11. Les paroles [dites par les saintes femmes] parurent devant EUX [les apôtres et ceux qui étaient avec eux] comme des racontars et ils ne croyaient pas ces femmes.
13. Et voici que, ce même jour, deux d’entre EUX [des disciples qui étaient avec les apôtres au matin] se rendaient à un village du nom d’Emmaüs...

  Il y a en effet une transition évidente entre le témoignage que Luc a recueilli des saintes femmes (jusqu’au verset 11), et celui qu’il tient des disciples d’Emmaüs (à partir du verset 13 jusqu’à la fin de son évangile) : c’est le pronom “EUX” qui joue ce rôle. Le verset 12 rompt la cohésion :

12. Or Pierre s’étant levé courut au tombeau et, s’étant penché, voit les linges seuls, et il s’en alla etc.

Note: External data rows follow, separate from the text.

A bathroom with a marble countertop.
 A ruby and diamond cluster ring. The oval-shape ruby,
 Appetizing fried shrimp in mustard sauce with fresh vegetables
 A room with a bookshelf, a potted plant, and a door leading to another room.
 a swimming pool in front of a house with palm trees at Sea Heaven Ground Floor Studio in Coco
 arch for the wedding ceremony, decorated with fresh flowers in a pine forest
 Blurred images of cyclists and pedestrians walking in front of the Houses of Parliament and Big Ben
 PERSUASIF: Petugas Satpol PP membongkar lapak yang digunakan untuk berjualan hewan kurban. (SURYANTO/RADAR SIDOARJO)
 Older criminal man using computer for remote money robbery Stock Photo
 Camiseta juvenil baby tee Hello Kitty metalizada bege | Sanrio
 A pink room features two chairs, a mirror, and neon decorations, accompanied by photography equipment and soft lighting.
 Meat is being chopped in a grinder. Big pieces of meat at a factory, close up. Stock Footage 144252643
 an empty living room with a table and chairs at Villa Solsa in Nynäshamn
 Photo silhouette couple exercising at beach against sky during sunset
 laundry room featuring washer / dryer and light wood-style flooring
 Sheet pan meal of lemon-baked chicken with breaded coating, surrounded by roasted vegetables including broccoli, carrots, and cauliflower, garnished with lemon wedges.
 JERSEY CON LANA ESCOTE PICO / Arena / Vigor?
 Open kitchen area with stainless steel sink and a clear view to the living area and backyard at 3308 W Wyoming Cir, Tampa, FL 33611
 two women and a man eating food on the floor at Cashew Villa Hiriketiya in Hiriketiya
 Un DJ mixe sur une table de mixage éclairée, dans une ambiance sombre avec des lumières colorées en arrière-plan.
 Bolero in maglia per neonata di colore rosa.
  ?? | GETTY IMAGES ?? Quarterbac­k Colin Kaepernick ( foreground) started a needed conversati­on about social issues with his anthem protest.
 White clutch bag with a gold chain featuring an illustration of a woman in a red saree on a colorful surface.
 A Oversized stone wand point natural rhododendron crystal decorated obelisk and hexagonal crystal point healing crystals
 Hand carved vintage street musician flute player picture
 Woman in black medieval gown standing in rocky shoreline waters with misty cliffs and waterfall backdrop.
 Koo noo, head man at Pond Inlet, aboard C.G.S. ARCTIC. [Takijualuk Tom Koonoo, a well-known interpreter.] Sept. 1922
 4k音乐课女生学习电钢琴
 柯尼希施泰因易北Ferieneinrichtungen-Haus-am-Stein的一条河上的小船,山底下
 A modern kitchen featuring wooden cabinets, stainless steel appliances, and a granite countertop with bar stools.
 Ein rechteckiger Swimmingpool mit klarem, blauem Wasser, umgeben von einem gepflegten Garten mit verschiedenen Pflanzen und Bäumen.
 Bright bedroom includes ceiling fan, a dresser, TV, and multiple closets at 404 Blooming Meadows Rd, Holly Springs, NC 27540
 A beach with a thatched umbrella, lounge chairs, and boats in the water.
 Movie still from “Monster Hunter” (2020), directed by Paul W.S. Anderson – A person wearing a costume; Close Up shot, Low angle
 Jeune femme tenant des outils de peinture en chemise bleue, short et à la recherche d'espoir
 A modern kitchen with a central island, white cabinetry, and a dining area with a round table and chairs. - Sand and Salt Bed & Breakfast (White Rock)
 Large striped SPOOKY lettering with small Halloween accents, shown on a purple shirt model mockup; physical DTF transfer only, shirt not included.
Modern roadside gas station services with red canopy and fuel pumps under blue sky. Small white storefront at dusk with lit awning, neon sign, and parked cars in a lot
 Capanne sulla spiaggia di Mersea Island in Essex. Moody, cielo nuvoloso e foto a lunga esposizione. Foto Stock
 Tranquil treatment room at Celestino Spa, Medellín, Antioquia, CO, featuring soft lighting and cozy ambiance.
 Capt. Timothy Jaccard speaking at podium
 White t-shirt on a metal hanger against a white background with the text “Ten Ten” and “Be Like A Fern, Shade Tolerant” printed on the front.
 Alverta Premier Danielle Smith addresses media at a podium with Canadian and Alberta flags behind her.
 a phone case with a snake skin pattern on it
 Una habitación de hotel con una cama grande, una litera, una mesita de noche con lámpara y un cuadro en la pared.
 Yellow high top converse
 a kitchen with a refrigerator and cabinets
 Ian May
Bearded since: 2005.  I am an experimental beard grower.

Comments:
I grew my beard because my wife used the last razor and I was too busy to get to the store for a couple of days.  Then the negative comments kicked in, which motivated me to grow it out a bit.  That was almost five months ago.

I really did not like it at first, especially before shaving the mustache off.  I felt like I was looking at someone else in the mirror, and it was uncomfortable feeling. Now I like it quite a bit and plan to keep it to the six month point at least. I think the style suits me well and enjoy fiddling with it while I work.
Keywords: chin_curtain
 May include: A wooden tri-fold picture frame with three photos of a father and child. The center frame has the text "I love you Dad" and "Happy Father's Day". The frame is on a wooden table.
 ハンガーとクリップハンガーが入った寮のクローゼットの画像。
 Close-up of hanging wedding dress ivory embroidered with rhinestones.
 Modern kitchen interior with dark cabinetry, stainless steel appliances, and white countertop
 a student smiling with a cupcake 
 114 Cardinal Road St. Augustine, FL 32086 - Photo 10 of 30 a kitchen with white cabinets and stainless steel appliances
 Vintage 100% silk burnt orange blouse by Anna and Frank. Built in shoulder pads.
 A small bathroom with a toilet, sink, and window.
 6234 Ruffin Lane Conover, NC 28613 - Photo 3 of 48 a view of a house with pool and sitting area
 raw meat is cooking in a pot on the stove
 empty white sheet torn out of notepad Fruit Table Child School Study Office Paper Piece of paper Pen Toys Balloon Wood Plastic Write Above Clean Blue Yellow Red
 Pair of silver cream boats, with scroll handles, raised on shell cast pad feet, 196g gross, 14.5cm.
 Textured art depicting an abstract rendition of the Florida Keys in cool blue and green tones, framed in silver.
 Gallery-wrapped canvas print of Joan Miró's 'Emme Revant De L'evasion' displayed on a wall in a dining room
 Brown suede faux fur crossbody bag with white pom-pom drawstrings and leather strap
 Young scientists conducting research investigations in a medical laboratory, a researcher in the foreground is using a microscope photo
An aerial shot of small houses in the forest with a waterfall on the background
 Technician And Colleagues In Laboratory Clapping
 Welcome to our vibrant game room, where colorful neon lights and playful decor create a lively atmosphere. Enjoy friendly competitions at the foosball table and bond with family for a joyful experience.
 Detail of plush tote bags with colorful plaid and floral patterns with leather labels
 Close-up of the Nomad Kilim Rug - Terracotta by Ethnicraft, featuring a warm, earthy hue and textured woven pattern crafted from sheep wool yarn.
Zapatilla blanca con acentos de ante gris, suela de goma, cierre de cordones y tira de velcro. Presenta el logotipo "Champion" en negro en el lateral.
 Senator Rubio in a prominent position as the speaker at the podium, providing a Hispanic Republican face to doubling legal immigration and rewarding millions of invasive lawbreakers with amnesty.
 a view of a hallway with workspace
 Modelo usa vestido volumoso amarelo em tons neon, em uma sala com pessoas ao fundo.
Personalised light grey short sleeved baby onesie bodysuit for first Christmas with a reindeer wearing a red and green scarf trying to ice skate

__On peut donc se demander s’il n’est pas un témoignage complémentaire ajouté très primitivement à la composition d’origine – ce qui n’est pas extraordinaire dans un contexte oral de récitatifs. Le manuscrit Khabouris entoure justement le verset par deux astérisques (*), ce qui indique toujours un élément nouveau par rapport à ce qui précède et à ce qui suit. Autre indice dans le même sens : le décompte du collier de la résurrection chez Luc compte huit perles, alors qu’on en attendrait sept comme ailleurs (cf. Guigain Frédéric, La récitation orale de la Nouvelle Alliance selon saint Luc, p. 313).
__En fait, tous ces indices convergents vont dans le sens même de l’objectif du lectionnaire établi par Luc, qui a 
pour but de rassembler et de cristalliser des témoignages autres que ceux qui sont déjà présents en Mt et Mc (même quand ils portent sur de mêmes événements). Et ici précisément, avec ce verset 12, on se trouve devant un témoignage qui ne provient ni des saintes femmes, ni des pèlerins d’Emmaüs, mais nécessairement de Pierre lui-même (peut-être par un de ses disciples). Et ce témoignage est apparu à beaucoup comme très important.
__Pour rappel, le témoignage primitif de
Pierre était donné en duo de complémentation avec celui de Jean, au titre des nécessaires “deux témoins”. On voit d’ailleurs bien le verset 24,12 de Luc venir s’imbriquer en Jn 20,6-8. Or, le lectionnaire de Marc n’a pas retenu ce verset, alors qu’il témoigne d’un événement qui ne ressort pas des trois autres évangiles mais que signale Paul, comme on l’a vu : l’apparition à Pierre. Certes, la traduction grecque indique banalement “to gegonos”ce qui est advenu, mais le texte araméen emploie le mot “medèm” ; or, ce mot signifie parfois “quelque chose mais plus souvent encore “quelqu’un” , et cela dans le langage parlé aujourd’hui encore (Mgr Francis Alichoran) ! Le texte araméen serait donc à traduire par : “Il sortit [du tombeau] en s’étonnant de celui qui [plutôt que ce qui] est advenu”, mais le français rend mal la subtilité de l’araméen : dans le contexte, “medèm” devrait être rendu par “un semblant de quelqu’un” .
__L’exégèse occidentale a pris l’habitude de ne pas tenir compte des traditions, au risque d’imaginer des contradictions textuelles là où il n’y en a pas – par exemple, comment se ferait-il que Paul soit le seul à parler d’une apparition à Pierre seul, ou comment celui-ci est-il rentré chez lui en Galilée alors qu’il est resté à Jérusalem ? Il faut signaler que
toute la tradition orthodoxe rapporte une sorte de brève apparition de lumière que Pierre aurait eue au tombeau avant que Jean ne descende le rejoindre (cf. Jn 20,8), et on a vu plus haut que Jean Damascène en parle.
__
Le verset Lc 24,12 révèle donc une grande richesse pour peu d’être remis dans son contexte judéo-araméen dont le texte de la Peshitta témoigne admirablement.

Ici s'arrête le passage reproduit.